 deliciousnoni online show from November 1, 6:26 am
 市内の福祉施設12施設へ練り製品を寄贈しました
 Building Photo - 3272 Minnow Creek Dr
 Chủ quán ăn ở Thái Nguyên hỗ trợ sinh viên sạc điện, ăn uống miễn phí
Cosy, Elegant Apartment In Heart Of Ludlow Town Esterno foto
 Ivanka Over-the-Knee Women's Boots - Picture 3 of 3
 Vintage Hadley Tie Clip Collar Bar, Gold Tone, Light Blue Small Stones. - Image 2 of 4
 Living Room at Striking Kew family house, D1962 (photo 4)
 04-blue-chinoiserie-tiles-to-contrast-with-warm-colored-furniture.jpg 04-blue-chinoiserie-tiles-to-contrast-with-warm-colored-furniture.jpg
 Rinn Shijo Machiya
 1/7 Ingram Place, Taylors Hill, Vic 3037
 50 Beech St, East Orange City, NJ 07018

━━━

_Problem_: Write out each entry above exactly as it is written.

_Result for this task_:
 deliciousnoni online show from November 1, 6:26 am
 市内の福祉施設12施設へ練り製品を寄贈しました
 Building Photo - 3272 Minnow Creek Dr
 Chủ quán ăn ở Thái Nguyên hỗ trợ sinh viên sạc điện, ăn uống miễn phí
Cosy, Elegant Apartment In Heart Of Ludlow Town Esterno foto
 Ivanka Over-the-Knee Women's Boots - Picture 3 of 3
 Vintage Hadley Tie Clip Collar Bar, Gold Tone, Light Blue Small Stones. - Image 2 of 4
 Living Room at Striking Kew family house, D1962 (photo 4)
 04-blue-chinoiserie-tiles-to-contrast-with-warm-colored-furniture.jpg 04-blue-chinoiserie-tiles-to-contrast-with-warm-colored-furniture.jpg
 Rinn Shijo Machiya
 1/7 Ingram Place, Taylors Hill, Vic 3037
 50 Beech St, East Orange City, NJ 07018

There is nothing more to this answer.